Según medios italianos, el hombre se acercó a la víctima hacia las 15.30 horas y la increpó por la forma en que supuestamente lo estaba mirando. «¿Qué miras? Soy un hombre y soy musulmán», habría dicho antes de insultarla y golpearla.
Ataque con arma blanca en la estación de Duomo
Cuando la joven intentó defenderse, el agresor habría sacado una pequeña navaja y le habría causado una herida en el rostro. La víctima fue trasladada al hospital con lesiones que inicialmente requerían diez días de tratamiento.
Varios testigos escucharon los gritos de la mujer y algunos pasajeros declararon a los investigadores que el sospechoso había pronunciado una frase similar a «soy un hombre y soy musulmán». La Policía continúa revisando las cámaras de vigilancia de la estación e identificando a testigos que abandonaron el lugar tras el ataque.
Detenido tras esconderse en un gimnasio
Tras la agresión, el sospechoso huyó de la estación, pero fue perseguido por agentes de la Policía Local y detenido poco después en las inmediaciones de Via Torino y Via Falcone. Según la prensa italiana, Saidi fue localizado escondido detrás de un sofá en la entrada de un gimnasio.
Durante el interrogatorio en la prisión milanesa de San Vittore, negó haber atacado a la mujer y aseguró que él era la víctima. También afirmó que la herida de la joven se había producido con la hebilla de su propio bolso durante un forcejeo. El juez rechazó esa versión por considerarla inverosímil y ordenó mantenerlo en prisión preventiva por desfiguración facial permanente y resistencia a la autoridad.

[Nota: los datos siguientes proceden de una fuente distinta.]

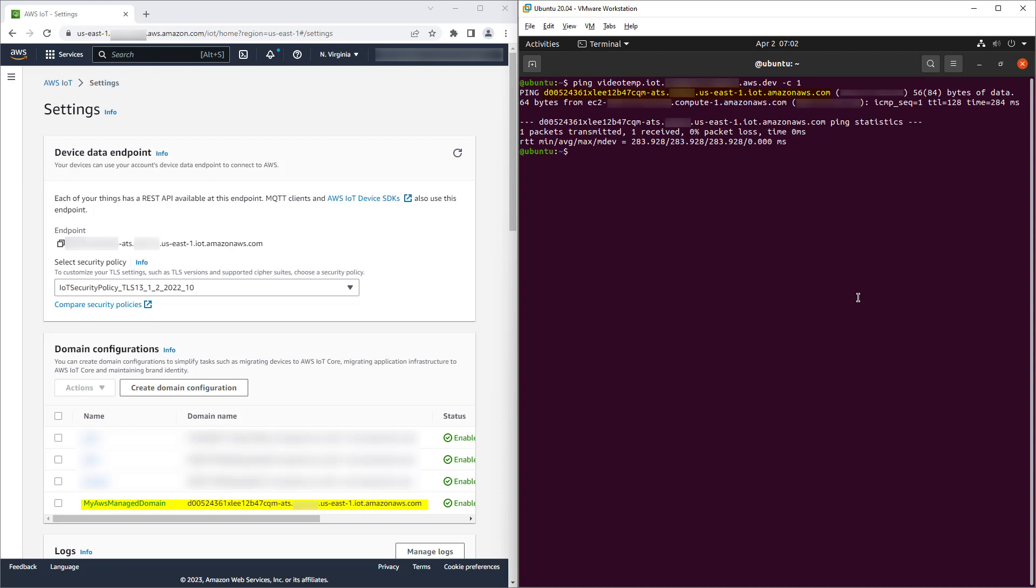As you may recall, that AWS managed domain had a security policy that assigned it to TLS 1.3 only. What you're about to see is that if we create a custom domain, it won't inherit the TLS security policy. Instead, it will have a fully independent TLS security policy. We'll create the custom domain with a TLS 1.2 only policy to illustrate the point.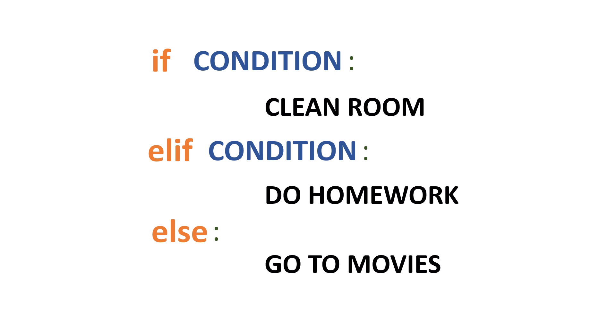By the way, we can do ifs entirely on their own, but these are just other options that we can use to make it more complex to get multiple outcomes. So that's advanced conditionals. Let's go take a look at how we can use those in the program.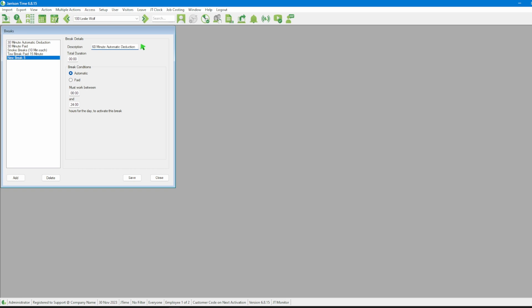For this we'll need to change the total duration to one hour and we leave the break condition on automatic which will deduct the specified total duration from permitted categories based on the time worked.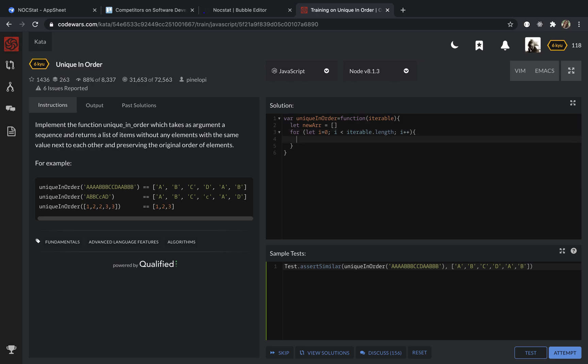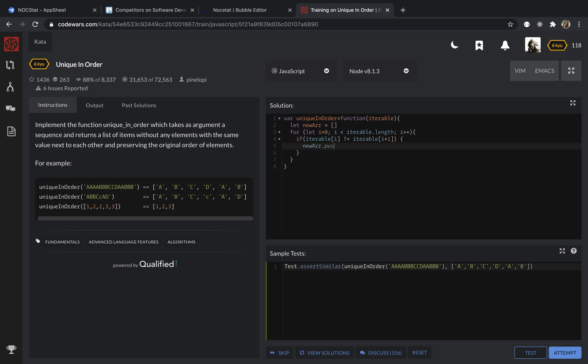So after this I'm going to put the condition statement if our current element is not equal to the next one which is i plus 1. So if it is, we just will add this element into our new array.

Había sido detenido y liberado horas antes
El caso ha provocado especial indignación porque el sospechoso había sido detenido menos de doce horas antes por un presunto intento de robo y daños a vehículos estacionados. Tras una vista rápida, fue puesto en libertad con una orden que le prohibía residir en Milán.
Saidi se encontraba sin hogar, no tenía condenas previas y estaba en situación ilegal en Italia. Según declaró a los investigadores, había llegado desde Francia alrededor de un mes antes y quería ser repatriado a Argelia. También había solicitado asilo político en Alemania en 2022.